Frequently Asked Questions (FAQ)


Why not just use full-text search?

When indexing the text rather than just picking the best candidate for your search, KWS indexes a list of lots of possible candidates, so even if the HTR is not 100% accurate, you might still find what you are looking for.


Some of the results I’m getting are not the word I’m looking for.

You might want to set the confidence filter to a higher percentage.

However, sometimes you might get a false positive result even on high confidence levels, especially on pages that are harder to read and thus have higher character error rate. This is because if the character error rate is high, the probability of the HTR misrecognizing characters in KWS is also higher. If you are searching words from hard to read pages, you might want to set the confidence filter lower, since the word you’re looking for might be lower on the confidence list.

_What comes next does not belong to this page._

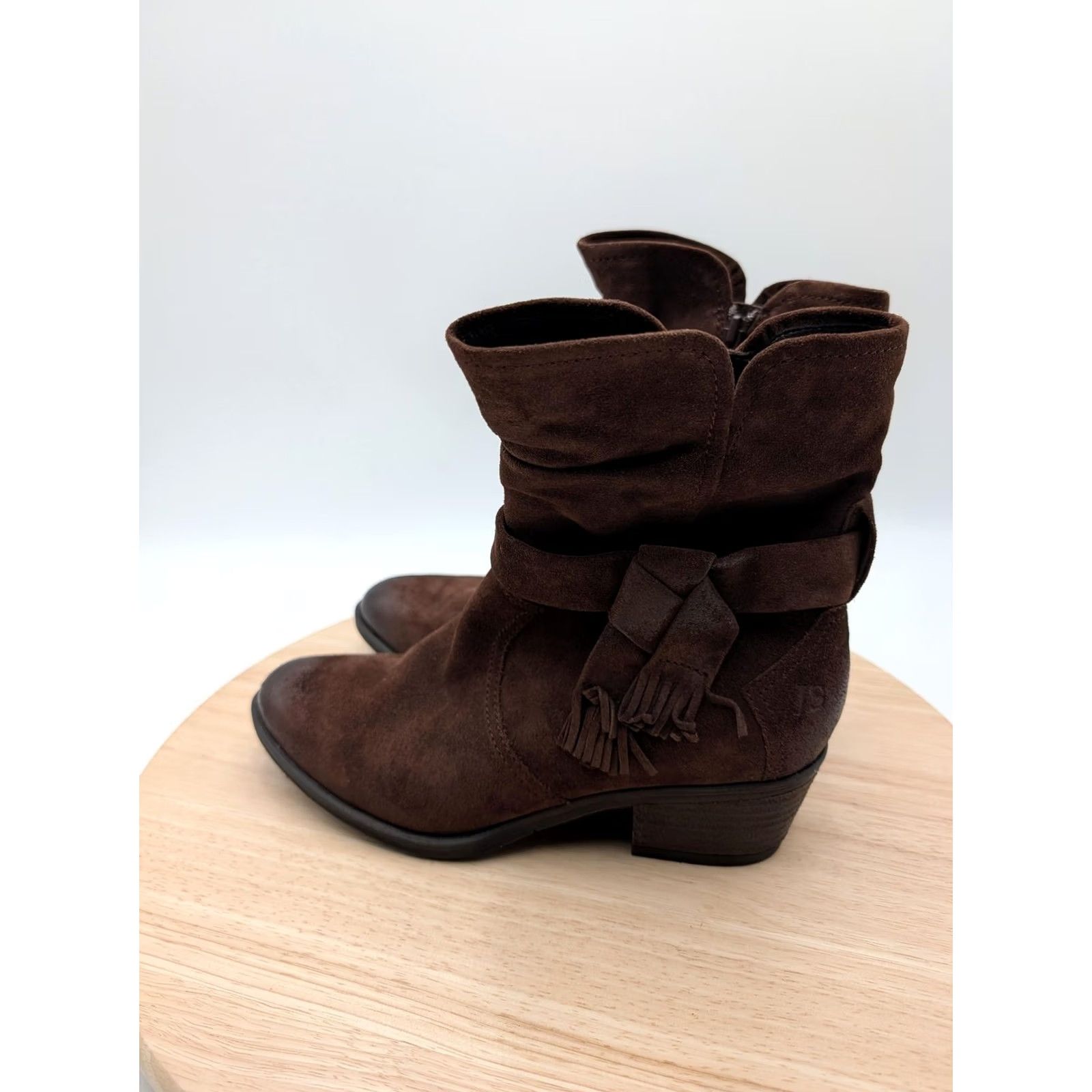 Vintage Josef Seibel Boots Womens 6.5 Brown Suede Tassel Ankle Faux Fur Daphne 05 Boots Womens Brown Suede Tassel Ankle Faux Fur Daphne 05 Size US 7 / IT 37 - 4 Thumbnail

Some letters and letter combinations are also vulnerable of being confused with each other, even on high confidence levels (a and u, k and h, St and H, etc.), which might result in false positive results.

Read more: https://makingamodernarchive.blogspot.com/2019/07/keyword-spotting-effective-search-tool.html


I’m viewing a page on image and text view. Why are some of the lines in the text field only partial lines in the image?

The lines in the text field correspond with the automatically detected lines in the image. Sometimes the page’s layout is hard for the automatic line detection, so the lines won’t perfectly correspond with the page.


Will there be more material to search in the future?

Yes.


Can I download the transcriptions and images?

You can download the page's transcription as a txt-file. You can't download the images yet.